Pourquoi interprétez-vous autant de mauvais garçons à l’écran ?
Je récolte ce que j’ai semé. J’ai toujours été limité dans les personnages qu’on me proposait car je devais utiliser à mon avantage ce que les directeurs de casting attendaient de moi. J’ai donc commencé par jouer des jeunes en colère et violents. Mais j’étais différent des autres jeunes acteurs britanniques car pendant qu’ils apprenaient l’art dramatique dans une école, j’apprenais la vie et ça se sent dans mon travail. A 23 ans, j’ai le sentiment d’avoir vu ce que la vie a de mieux à offrir mais aussi ce qu’elle a de pire. Je me sens très mature. (Il pouffe de rire) Je suppose.

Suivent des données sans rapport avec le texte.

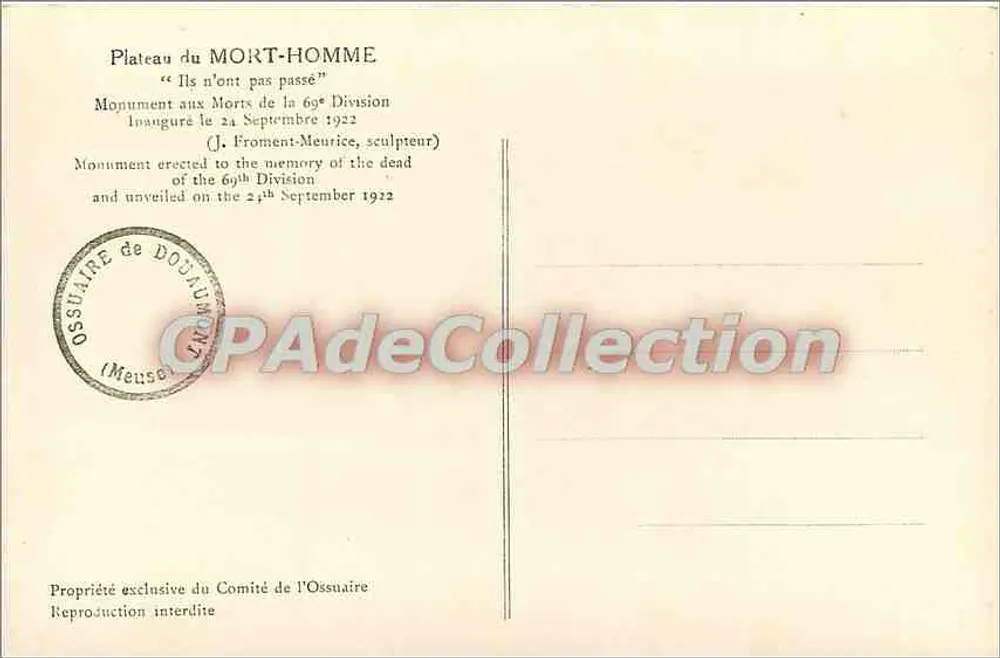 Planalto do Mort-Homme — Monumento aos Mortos da 69ª Divisão — J. Froment-Meurice, escultor - Verso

Angelina Jolie vous a choisi pour jouer Louis Zamperini, le champion olympique prisonnier des Japonais pendant la Deuxième Guerre mondiale dans Unbroken. Un homme à mille lieues de vous.
Angelina ne serait pas d’accord avec moi mais je ne suis pas Louis. Elle a vu des similarités entre nous deux mais il est d’une autre époque. Pour le jouer, j’ai adopté une autre façon de bouger et de parler. (Il réfléchit) Incarner un personnage qui existe réellement entraîne une telle responsabilité. C’est intimidant et la peur d’échouer me rend malade. Mais c’est aussi motivant. Je suis fier de ma filmographie. La seule chose que j’aimerais améliorer est sa diversité. Les gens qui me connaissent savent que j’en suis capable. J’aime prendre des risques et je sais où je veux aller maintenant. Je m’implique toujours à 100% dans tous les projets. Je crois au dur labeur. Mon père a rarement pris un jour de congé dans sa vie. Il est décédé en 2009. Il est mon inspiration. Je regrette qu’il ne puisse pas voir où j’en suis aujourd’hui.
La famille est-elle très importante pour vous ?
Je ne fais pas ce métier pour la célébrité mais pour que ma mère et ma sœur aient une belle vie. Et éventuellement moi aussi. Si j’atteins ce but, ce sera une récompense plus belle que toute la gloire du monde.